Why did my mother feel this way? Because her granddaughter’s house, like ours, is practically falling down. There was no sink or fridge and many faucets were plugged up. However, when grandma speaks about her granddaughter in her fancy dress, you can see a twinkle in her dark eyes.
It doesn’t matter how ridiculous the situation is. Very few people notice that the ceremony – with the possible exception of the ballroom waltz that has been resurrected on the island – creates an image that is completely false. Better said, most people like the photos to be artificial, to “improve” the look of the teenager. This “improvement” is achieved through a uniform process. All fifteen-year-olds you see in these photos look alike, or, at least, project the same image: that they are aggressive, sexual beings, sure of their beauty.

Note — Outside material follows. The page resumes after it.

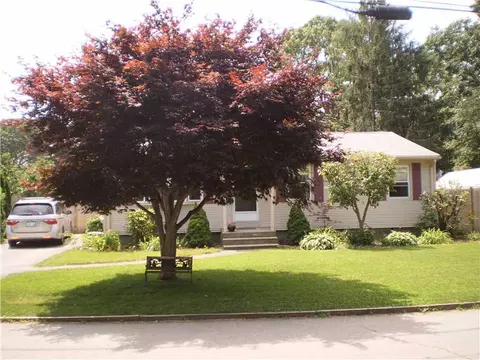 30 Amsterdam Ave, Warwick, RI 02889 photo 2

I don’t want fifteen-year-olds to become depressed over the fleetingness of youth and physical beauty, I don’t want to rain on anyone’s parade. I am only a little put off by the make-up that grown-ups (people who are aware of these facts) cover their faces with, and the look they choose for these girls, depriving them of the naivety and the surprise that becoming an adult can entail.
When I say “grown-ups”, I am referring to mothers, fathers, neighbors, photographers, make-up people, publicists and a long list of other people. When I speak of make-up, I am touching on only one aspect of this. I could speak about the clothes, the poses and other elements that make this a very complex phenomenon.
Just as we’re unable to determine which horse goes in front of the other in the merry-go-round, so are we unable to discern who establishes a trend and who adopts it. In the end, it is part of a single, circular process: trend-business-customer-trend.
Now, I hear teenage boys are celebrating their fifteenth birthdays with shoots at photo studios. Their photos are then inserted into the cover page of the famous magazine they choose – nothing is beyond Photoshop.
There, they will show off their designer clothes, expose their brawny arms and strike an aggressive pose, like men full of self-confidence eager to take on the world. Like the girls, they will reproduce the stereotypes of the prevailing trends. And so, some more eagerly than others, we will continue to get on that multi-colored merry-go-round.